Editorial written by the Los Angeles Times Editorial Board
It was the sort of conduct one usually associates with totalitarian governments: Law enforcement officers swarm a newspaper office and confiscate computers, servers, and cellphones of reporters and editors. Yet this raid took place not in a faraway autocracy, but in a small town in Kansas, despite a federal law prohibiting such searches in most cases.
On Friday, police acting on a warrant searched the offices of the Marion County Record, a weekly newspaper with seven employees and a circulation of about 4,000.
Simultaneously, officers searched the home of Eric Meyer, the publisher and co-owner, seizing computers, his cellphone and the home’s internet router, according to Meyer.
Meyer’s 98-year-old mother — a co-owner of the newspaper who lived with him — collapsed and died Saturday. Meyer blamed her death on the stress of the raid on their home.
Drastic as they were, the searches originated in what might appear to be a trivial dispute between the Record and a local restaurant owner, Kari Newell, who has accused the newspaper of invading her privacy and illegally accessing information about her and her driving record. (The newspaper says it obtained information about her driving record unsolicited and verified it through online public records; and it didn’t print a story referencing the information.)
The search warrant alleged identity theft and unlawful use of a computer.
The searches left the small news operation in such a dire state that it was not clear whether it would be able to publish the next scheduled edition Tuesday evening; Meyer memorably described the police action as “an atomic flyswatter.”
It may also have been illegal. The federal Privacy Protection Act of 1980 requires that in most situations, law enforcement seek to obtain material from journalists through a subpoena — which gives the target the opportunity to make a legal challenge — rather than through a surprise search conducted with a warrant.
The 1980 law was passed after the Supreme Court upheld a search by sheriff’s deputies of Stanford University’s student newspaper seeking photographs from a protest. It serves as a necessary recognition that a free and inquisitive press serves the public interest, and that raids and searches of newsrooms can intimidate reporters and stop their vital work.
The law broadly defines who is protected: those “reasonably believed to have a purpose to disseminate to the public a newspaper, book, broadcast, or other similar form of public communication.”
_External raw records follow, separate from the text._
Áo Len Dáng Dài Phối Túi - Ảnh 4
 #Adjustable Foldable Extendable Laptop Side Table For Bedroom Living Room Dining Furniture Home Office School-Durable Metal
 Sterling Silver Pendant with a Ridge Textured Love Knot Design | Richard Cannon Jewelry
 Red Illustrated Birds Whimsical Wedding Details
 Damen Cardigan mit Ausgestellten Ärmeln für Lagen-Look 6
The law does contain an exception for situations in which “there is probable cause to believe that the person possessing such materials has committed or is committing the criminal offense to which the materials relate.”
In a statement to NPR, Marion Police Chief Gideon Cody pointed to this exception to justify his department’s search of the Record.
That claim is unpersuasive. In a letter to Cody signed by the Los Angeles Times and more than 30 other news organizations, the Reporters Committee for Freedom of the Press noted that the suspect exception cited by the chief “is inapplicable when the relevant conduct consists of the receipt, possession, communication, or withholding of the material, with only limited exceptions for certain federal statutes that are not at issue here.”
These searches took place in a small town, but the temptation of law enforcement to overreach in dealing with journalists exists in communities of all sizes.
In 2019, police in San Francisco searched the home and office of freelance journalist Bryan Carmody in an apparent bid to identify a confidential source. The city later agreed to pay Carmody $369,000 in a settlement.
Congress decided that journalists needed protection against searches. Local police and judges need to honor that judgment.